Amongst mourners were members of Carlton’s coveted 1968 premiership team which landed the club its first premiership in 21 years - Gary Crane, Barry Gill, Alex Jesaulenko, Peter Jones, Wes Lofts, Dennis Munari and John Nicholls – together with the then coach Ron Barassi.

Also paying their final respects were former Carlton premiership players Rod Ashman, Jim Buckley, Syd Jackson, Stephen Kernahan, Mark Maclure, David McKay, Geoff Southby and Mike Fitzpatrick, the current AFL Commission Chairman; as well as former Carlton presidents Ivan Rohrt, John Elliott, Ian Collins (also a member of the ’68 team) and Graham Smorgon.

Carlton President Richard Pratt AC, who was unavoidably committed with business interstate, was an apology and was represented at the funeral by his wife Jeanne. Current players Jarrad Waite, Brendan Fevola and the club’s best and fairest Andrew Carrazzo attended, as did Senior Coach Brett Ratten and CEO Greg Swann.

With Carlton Chaplain the Reverend Steve Webster presiding over the 90-minute service, tributes to the remarkable life of a man cruelly cut down by a stroke in his last sixteen years came in abundance. A recorded reminiscence of Harris’s late wife Jeanne was aired, while family members Andrew Harris and Letitia Plain conveyed personal memories of a man hardened by his wartime experiences.

Barassi, Munari and Collins also talked of Harris the ruthless and intimidating football powerbroker who heralded in what was arguably his beloved club’s most successful era on record.

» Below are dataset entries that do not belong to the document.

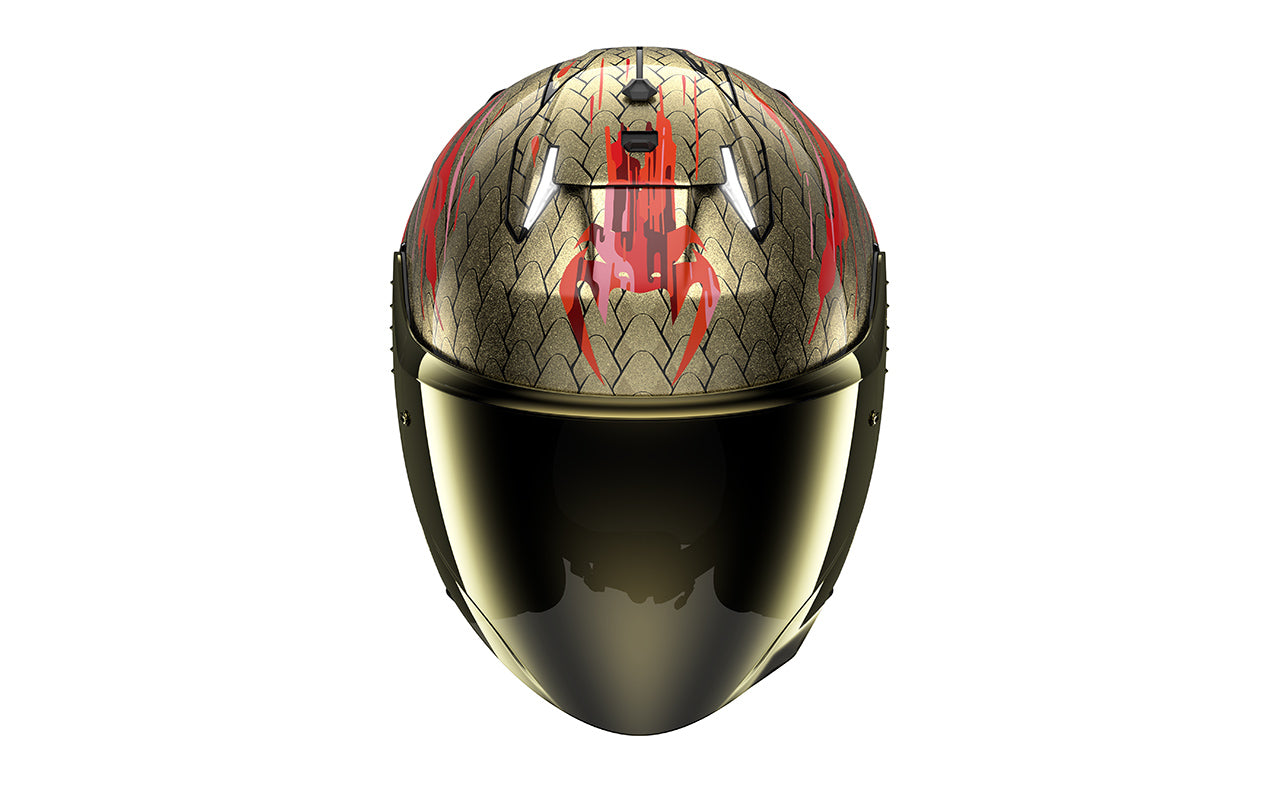 CAPACETE SHARK SKWAL i3 JET VENUM PRETO/VERMELHO/DOURADO (KRQ) - M -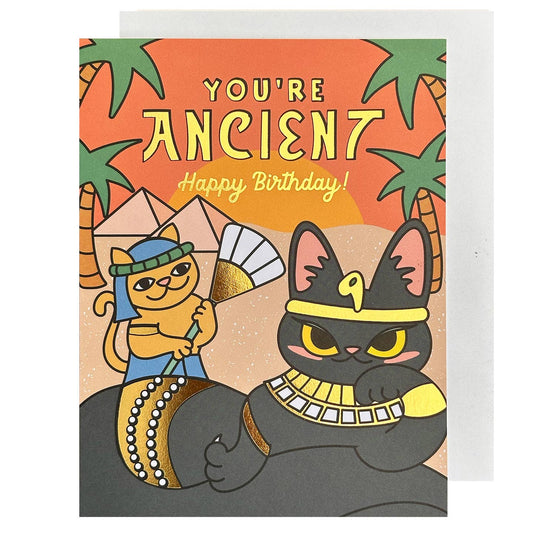 Ancient Egypt Cat Birthday Card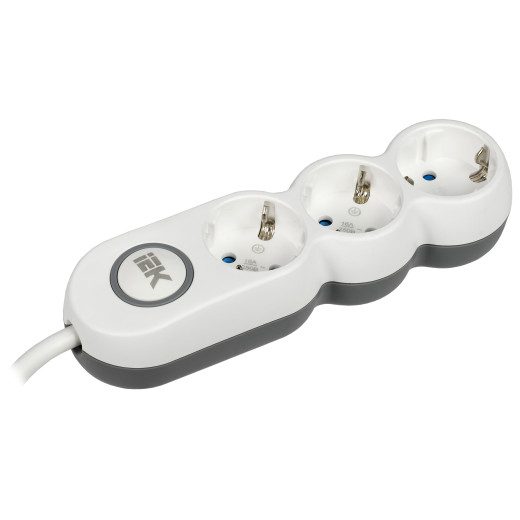 Удлинитель У03В 3 места 2P+PE/1,5м 3х1,5мм2 16А/250В UNO IEK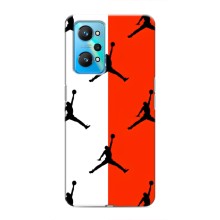 Чехлы для Realme GT Neo 2 - с картинкой JORDAN (AlphaPrint) (Лого Джордан)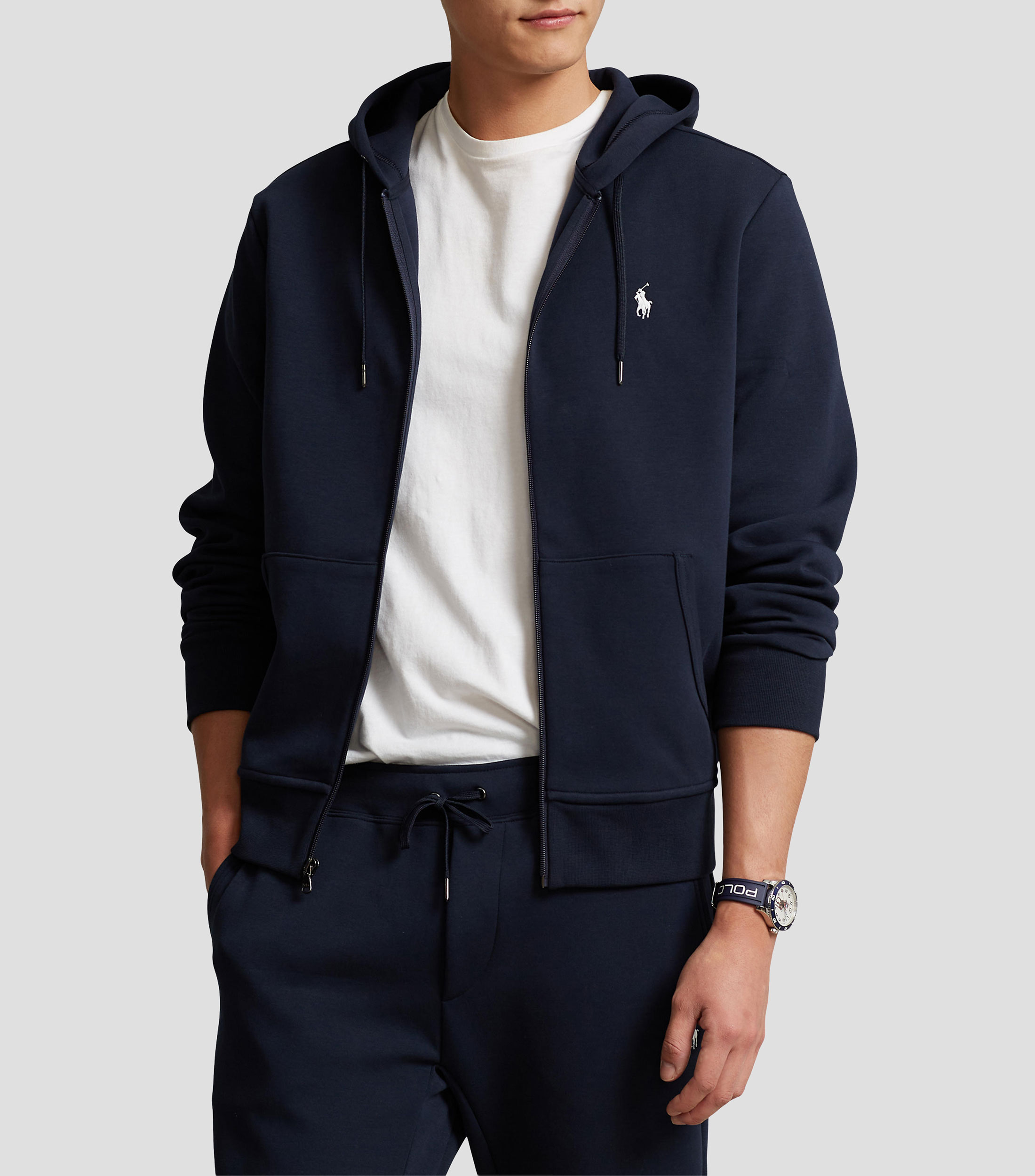 Sudadera con cierre y capucha Hombre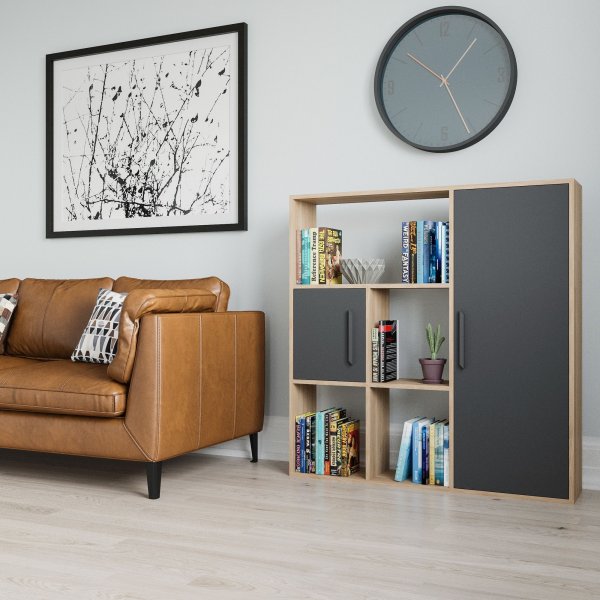 Ridge bokhylla - Ek/antracit Ridge bokhylla - Ek/antracit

This was a most fitting Concert for George. It opened to the strains of  Old Blue Eyes' My Way and ended with The Last Post - in remembrance of a time when George, brother Joe and father Joe Senior were taken as Changi prisoners for a three and a half year stretch following the fall of Singapore in 1940.

As the faithful filed out of the Laurie Kerr Bistro, the body of the acknowledged father of modern-day Carlton was wheeled through the Boardroom - the place where Harris once plotted the fortunes of a future powerhouse which ultimately delivered a quarter of the club’s 16 premierships under his watch.

From there it was placed in a hearse and, to the strains of Lily Of Laguna, taken on a final lap of the Carlton ground, before disappearing through the gate between the Legends and Heroes Stands at the Garton Street end.